Summary of Results for log_size = 30: Metal vs. CUDA

Configuration CPU to GPU Transfer Time GPU Compute Time GPU to CPU Transfer Time CPU Binary Search Time Total Memory Transfer Time (% of Total) Total Compute Time (% of Total) Total Execution Time per Iteration
(1) Metal - Direct CPU Write to Metal Buffer (M1 Pro) N/A 46.545 ms 0.0004 ms 0.0059 ms 0.0004 ms (0.0009%) 46.5509 ms (99.9991%) 46.5513 ms
(2) Metal - CPU Write to CPU Buffer, Initial Copy to Metal (M1 Pro) 107.549 ms 46.456 ms 0.0004 ms 0.0056 ms 107.55 ms (69.83%) 46.4618 ms (30.17%) 154.012 ms (accounts for initial copy)
(3) CUDA - Repeated CPU-GPU Transfers (RTX 4080 & Intel i9-13900K) 279.670 ms 13.357 ms 306.174 ms 0.0011 ms 585.844 ms (97.77%) 13.3578 ms (2.23%) 599.202 ms

Analysis

Metal - Direct CPU Write to Metal Buffer (M1 Pro)
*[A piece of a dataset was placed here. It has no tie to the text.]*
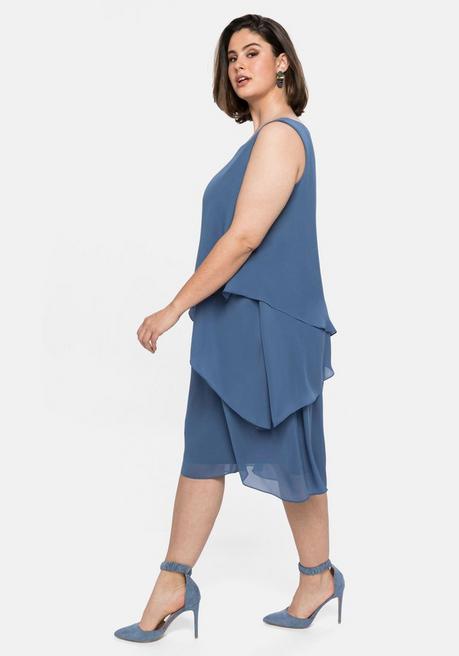 Sheego Ärmelloses Cocktailkleid Im Lagenlook - Rauchblau Sheego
  • Memory Transfer Efficiency: This configuration achieves almost negligible memory transfer time (less than 0.02% of total time), thanks to Metal's unified memory model, which eliminates the need for repeated CPU-GPU data transfers.
  • Compute Dominance: The majority of the execution time is spent on GPU computation, demonstrating the efficiency of Metal’s unified memory for direct access across CPU and GPU.
  • Total Execution Time: This configuration consistently performs the fastest across all tested sizes, making it ideal for applications that frequently exchange data between CPU and GPU without the need for explicit data copying.
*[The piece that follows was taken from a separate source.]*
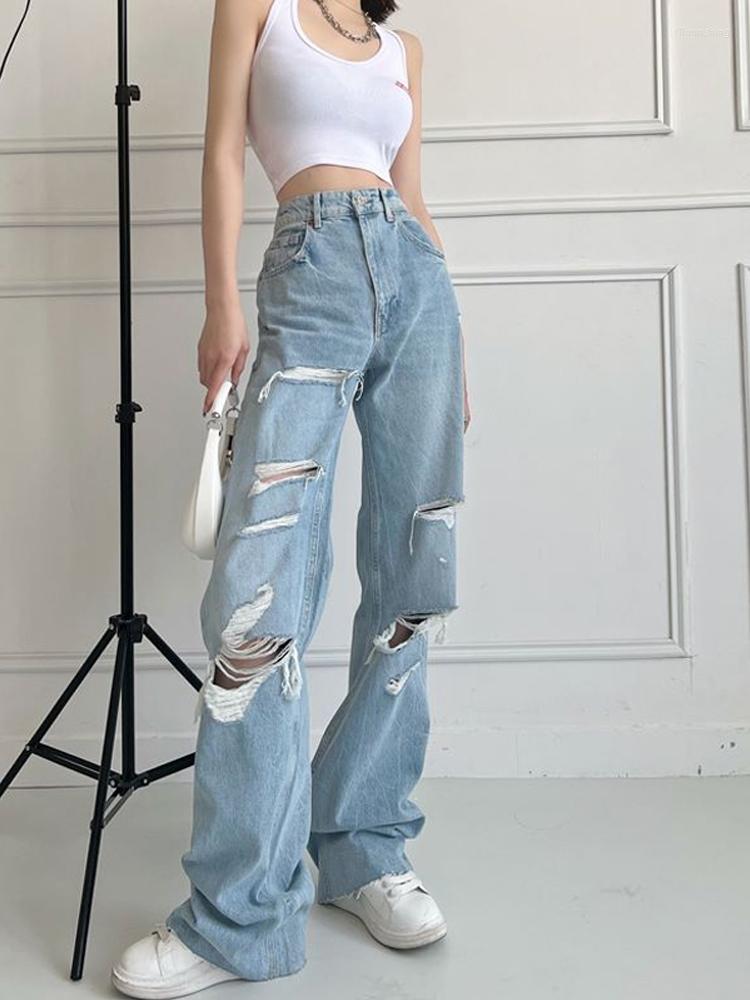 Women' Jeans Women' Casual Ripped Wide Leg Lady Spring Summer Streetwear High Waist Straight Loose Long, Blue
Women' Jeans Women' Casual Ripped Wide Leg Lady Spring Summer Streetwear High Waist Straight Loose Long, Blue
Metal - CPU Write to CPU Buffer, Initial Copy to Metal (M1 Pro)

  • One-Time Transfer Cost: An initial CPU-to-GPU data transfer introduces an upfront cost that varies with data size (e.g., 0.0371 ms for log_size=20, 1.193 ms for log_size=25, and 107.549 ms for log_size=30). However, after this one-time transfer, memory transfer costs remain very low, and no further CPU-GPU data copying is needed.
  • Effective for Compute-Intensive Workloads: With the initial transfer complete, a large percentage of execution time is dedicated to computation, as the GPU directly accesses data in Metal’s unified memory.
  • Total Execution Time: This setup offers high efficiency for compute-heavy tasks, with total times that are competitive but slightly higher than the direct Metal buffer write approach.

CUDA - Repeated CPU-GPU Transfers (RTX 4080 & Intel i9-13900K)
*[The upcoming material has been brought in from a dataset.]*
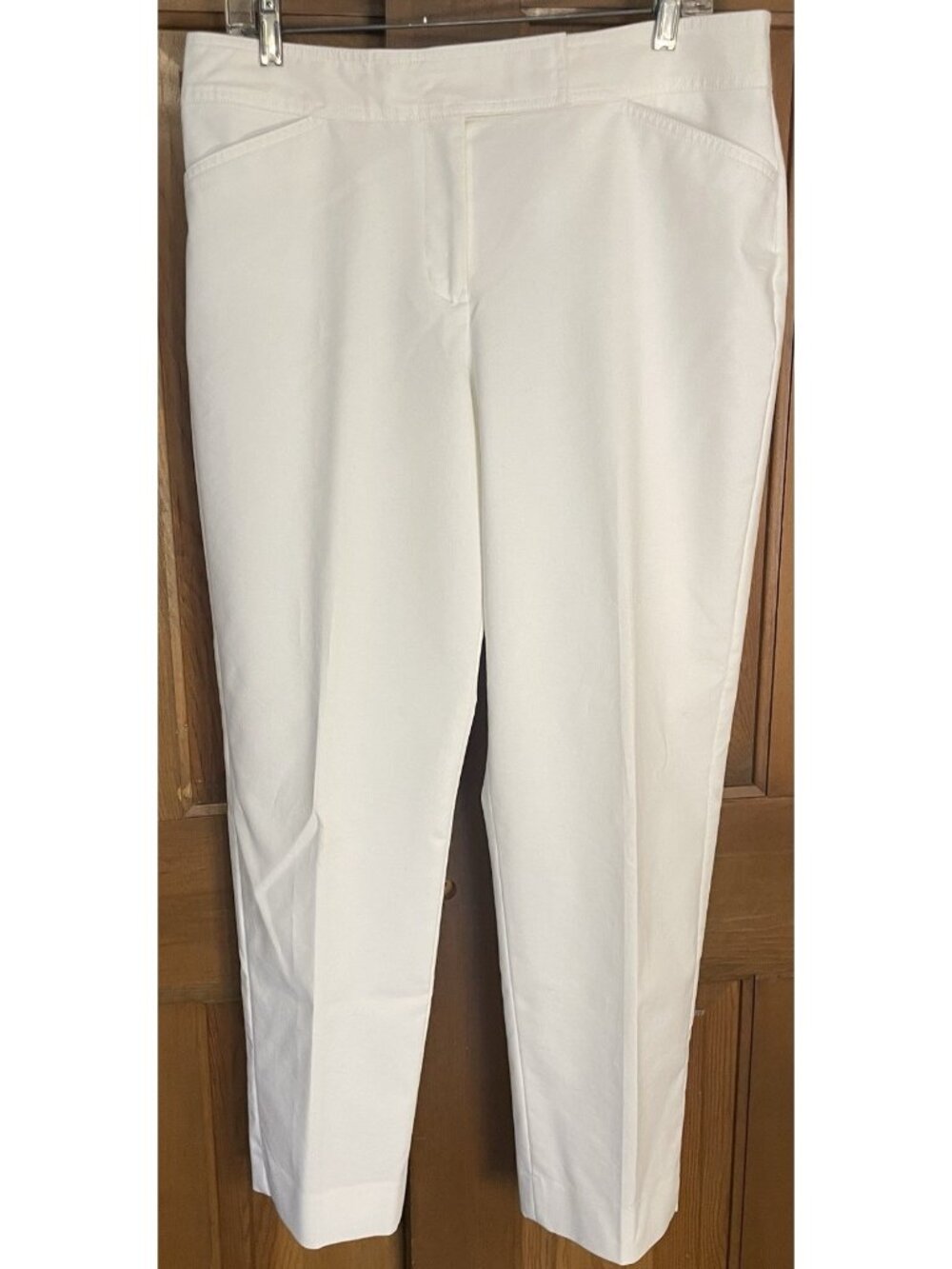 Talbots Ivory Curvy Fit Straight Leg Lined Pants Trousers Women's Size 12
  • High Transfer Overhead: This configuration incurs a substantial performance penalty from repeated CPU-GPU transfers every iteration. Memory transfer constitutes around 90% of total execution time, which significantly impacts overall performance.
  • Compute Bottleneck: Although the GPU computation itself is fast, the recurring data transfer reduces overall efficiency.
  • Total Execution Time: This setup has the slowest total execution time across all tested sizes due to the heavy memory transfer overhead, making it less ideal for workflows that require frequent CPU-GPU data exchanges.

Key Takeaways

  • Unified Memory Advantage with Metal: Both Metal configurations outperform CUDA by eliminating or minimizing data transfer overhead. Direct writes to Metal's unified buffer show the lowest latency, underscoring the efficiency of Metal's shared memory model.
  • CUDA’s Bottleneck with Repeated Transfers: The need for repeated CPU-GPU transfers in CUDA significantly impacts performance, with about 90% of total execution time spent on data transfers, highlighting a clear advantage of Metal’s unified memory for mixed CPU-GPU workflows.

CPU only reference

For reference, running the power computation and binary search solely on the CPU (with OpenMP) yields the following times for log_size = 30 elements:

Intel i9-13900K

  • Average CPU power computation time: 288.874 ms
  • Average CPU binary search time: 0.0025022 ms
  • Total average execution time per iteration: 288.877 ms

Note: For small size, openMP is not effective, therefore only measuring the case of log_size = 30.